Das Wirtschafts- und Sozialwissenschaftliche Institut (WSI) der Hans-Böckler-Stiftung verweist darauf, dass bei einem Abfallen des Rentenniveaus auf knapp unter 42 Prozent im Jahr 2045 auch qualifizierte Beschäftigte mit mittleren Einkommen mit ihrer Rente an die Armutsgefährdungsschwelle gerieten. Das gelte insbesondere, wenn statt des sogenannten Eckrentners mit 45 Beitragsjahren deutlich kürzere Versicherungsverläufe zugrunde gelegt würden, die insbesondere für Frauen realistischer seien.

Beim aktuellen Rentenniveau könne qualifizierte Beschäftigung zu Tariflöhnen einen verlässlichen Schutz vor Altersarmut bieten, "eine lange Erwerbsbiografie vorausgesetzt". Hingegen seien viele Mindestlöhne wie auch der gesetzliche Mindestlohn zu niedrig, um damit auf eine gesetzliche Rente über dem Grundsicherungsniveau zu kommen, selbst bei 45-jähriger Vollzeittätigkeit, so das Fazit.

"Eine Stabilisierung oder Anhebung des Rentenniveaus ist dringend geboten, um für alle Einkommensgruppen die Lohnersatzfunktion der Renten und damit die Legitimität der Rentenversicherung sicherzustellen", schrieb WSI-Alterssicherungsexperte Florian Blank im Resümee seiner Studie. Beides sei akut gefährdet, die nach wie vor tragende Säule des deutschen Alterssicherungssystems würde weiter beschädigt, mahnte Blank.

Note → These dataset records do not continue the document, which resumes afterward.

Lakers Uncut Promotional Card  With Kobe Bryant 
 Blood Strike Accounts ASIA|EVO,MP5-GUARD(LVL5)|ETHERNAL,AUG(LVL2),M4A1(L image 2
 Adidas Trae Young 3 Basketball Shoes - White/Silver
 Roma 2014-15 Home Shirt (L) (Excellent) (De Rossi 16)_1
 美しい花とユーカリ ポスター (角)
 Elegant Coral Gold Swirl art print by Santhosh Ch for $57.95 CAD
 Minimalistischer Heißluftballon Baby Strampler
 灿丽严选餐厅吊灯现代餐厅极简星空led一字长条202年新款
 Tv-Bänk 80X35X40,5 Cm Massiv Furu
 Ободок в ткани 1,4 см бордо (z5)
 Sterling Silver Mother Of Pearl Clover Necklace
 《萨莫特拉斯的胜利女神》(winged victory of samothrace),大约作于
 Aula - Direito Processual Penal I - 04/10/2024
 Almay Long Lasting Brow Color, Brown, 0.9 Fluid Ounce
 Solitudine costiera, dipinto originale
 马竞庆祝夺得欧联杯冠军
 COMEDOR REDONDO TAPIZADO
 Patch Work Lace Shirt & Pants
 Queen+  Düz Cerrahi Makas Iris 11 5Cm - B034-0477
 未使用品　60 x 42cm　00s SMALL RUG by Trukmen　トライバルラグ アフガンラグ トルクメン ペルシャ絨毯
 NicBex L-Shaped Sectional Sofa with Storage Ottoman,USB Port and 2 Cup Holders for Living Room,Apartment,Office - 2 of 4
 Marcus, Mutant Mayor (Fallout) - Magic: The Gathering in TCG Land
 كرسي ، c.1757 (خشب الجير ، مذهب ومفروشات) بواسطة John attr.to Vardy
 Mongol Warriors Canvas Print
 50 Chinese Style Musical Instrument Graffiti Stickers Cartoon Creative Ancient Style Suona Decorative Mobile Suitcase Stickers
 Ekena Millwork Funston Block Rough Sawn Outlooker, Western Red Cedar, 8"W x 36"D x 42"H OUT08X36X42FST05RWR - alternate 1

Die Grünen-Spitzenkandidatin Katrin Göring-Eckardt warf der CDU/CSU vor, sie ignoriere "in verantwortungsloser Weise die Schieflage und Fehlentwicklungen im deutschen Rentensystem, die sie maßgeblich mitverantwortet". Immer mehr Menschen drohe durch das Absinken des Rentenniveaus Armut und ein sinkender Lebensstandard im Ruhestand. Der Kampf für eine Bürgerversicherung, für die Stabilisierung des Rentenniveaus und der gegen Altersarmut per Garantierente seien "zentrale Gerechtigkeitsfragen unserer Zeit, die nicht länger unbearbeitet bleiben dürfen", erklärte Göring-Eckardt.